→ Stored items from a collection:
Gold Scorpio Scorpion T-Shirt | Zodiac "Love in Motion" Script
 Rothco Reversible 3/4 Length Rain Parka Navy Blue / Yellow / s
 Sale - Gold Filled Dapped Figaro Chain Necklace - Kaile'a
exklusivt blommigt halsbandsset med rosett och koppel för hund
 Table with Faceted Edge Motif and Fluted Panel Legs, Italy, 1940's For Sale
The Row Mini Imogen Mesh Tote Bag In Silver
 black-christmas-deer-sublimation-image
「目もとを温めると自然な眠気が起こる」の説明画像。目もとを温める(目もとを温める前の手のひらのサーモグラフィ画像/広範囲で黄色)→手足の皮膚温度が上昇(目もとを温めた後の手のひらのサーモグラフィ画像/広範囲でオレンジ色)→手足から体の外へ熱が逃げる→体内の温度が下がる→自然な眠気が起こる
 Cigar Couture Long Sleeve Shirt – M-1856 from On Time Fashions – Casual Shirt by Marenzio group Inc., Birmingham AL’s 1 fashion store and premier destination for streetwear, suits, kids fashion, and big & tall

→ DESCRIPTION OF THE TASK:
Print the records above in full, exactly.

→ COMPLETED EXERCISE:
Gold Scorpio Scorpion T-Shirt | Zodiac "Love in Motion" Script
 Rothco Reversible 3/4 Length Rain Parka Navy Blue / Yellow / s
 Sale - Gold Filled Dapped Figaro Chain Necklace - Kaile'a
exklusivt blommigt halsbandsset med rosett och koppel för hund
 Table with Faceted Edge Motif and Fluted Panel Legs, Italy, 1940's For Sale
The Row Mini Imogen Mesh Tote Bag In Silver
 black-christmas-deer-sublimation-image
「目もとを温めると自然な眠気が起こる」の説明画像。目もとを温める(目もとを温める前の手のひらのサーモグラフィ画像/広範囲で黄色)→手足の皮膚温度が上昇(目もとを温めた後の手のひらのサーモグラフィ画像/広範囲でオレンジ色)→手足から体の外へ熱が逃げる→体内の温度が下がる→自然な眠気が起こる
 Cigar Couture Long Sleeve Shirt – M-1856 from On Time Fashions – Casual Shirt by Marenzio group Inc., Birmingham AL’s 1 fashion store and premier destination for streetwear, suits, kids fashion, and big & tall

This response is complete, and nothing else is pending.